The project would have a "double benefit" for the Algerian economy through the creation of jobs as well as providing opportunities to subcontract deals to local companies, said Mr Joudi.
Daimler, in which Aabar has a 9.1 per cent stake, and MAN Ferrostaal, a machinery supplier, are also involved in the agreement with the Algerian ministries of defence and industry. Aabar's parent company, the International Petroleum Investment Company, owns 70 per cent of MAN Ferrostaal. No one was available to comment from Aabar or Ferrostaal.
Trade between the UAE and Algeria has grown by almost 60 per cent annually over the past five years, rising from about US$16 million (Dh58.7m) in 2005 to about $173m last year. Civil aviation, energy, industry and finance were among the areas for closer links discussed by officials from Algeria and the UAE Ministry of Economy yesterday.

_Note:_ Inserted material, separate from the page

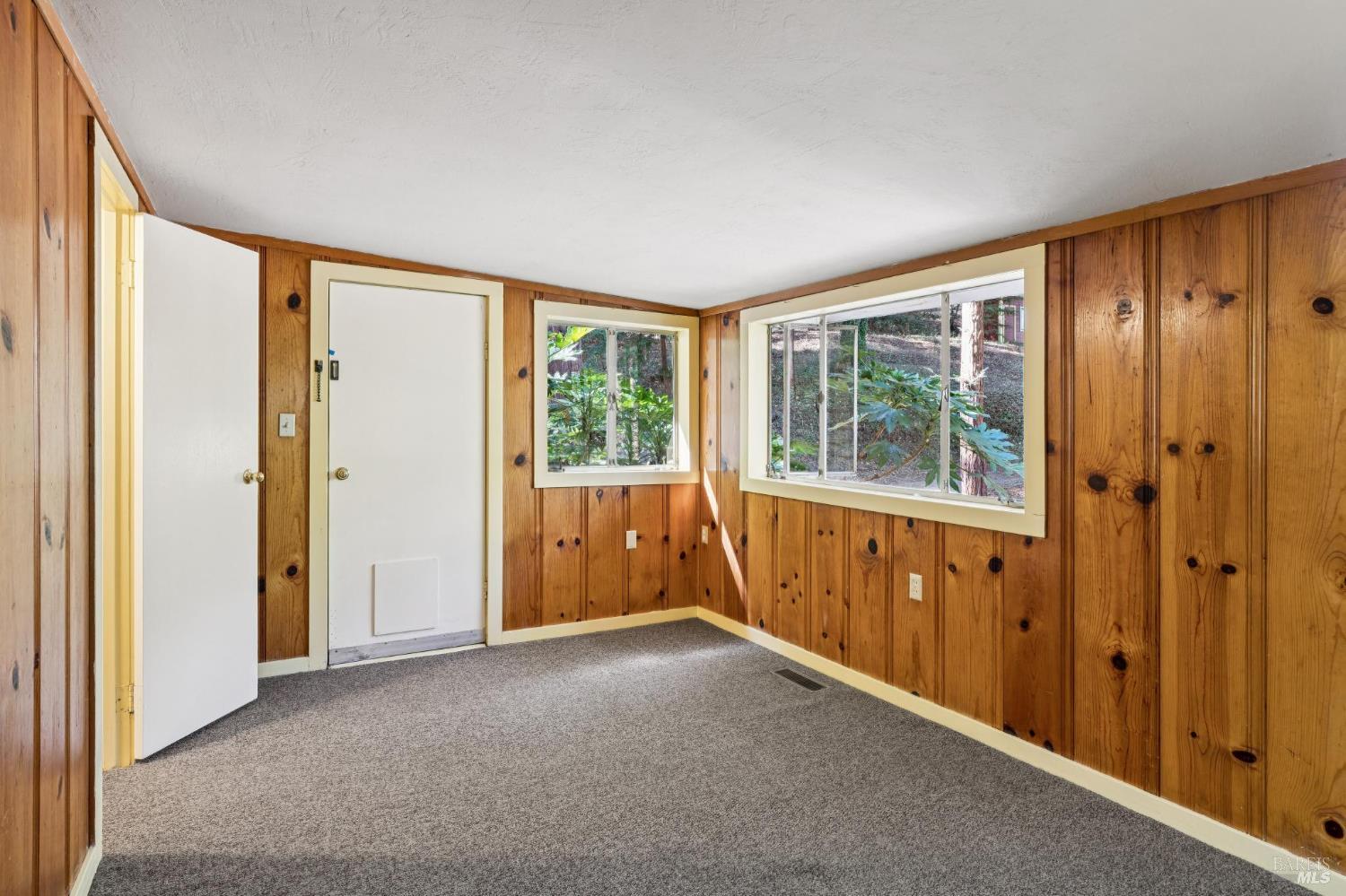 1840 Redwood Drive Healdsburg CA 95448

"One of the hindrances to trade is we don't have direct flights between the UAE and Algeria," said Sultan al Mansouri, the UAE Minister of Economy. "If there were, we would seem more people travelling between the countries and more trade."
Both Emirates Airline and Etihad Airways are in talks with Algerian officials about the possibility of starting direct flights, said Mr al Mansouri.
Although Algeria was hit by pockets of unrest its economy has remained largely unaffected by more widespread disruptions in Tunisia, Libya and Egypt.
Revenues from higher oil production and stronger private-sector activity are expected to help sustain economic growth. GDP would accelerate by 3.2 per cent this year from about 2.5 per cent last year, said Mr Joudi.
"There's a big willingness of foreign investors to come to Algeria and benefit from what's happening in terms of public expenditure," he said.
Algeria's government announced last year it planned to spend $280 billion on infrastructure over the next five years.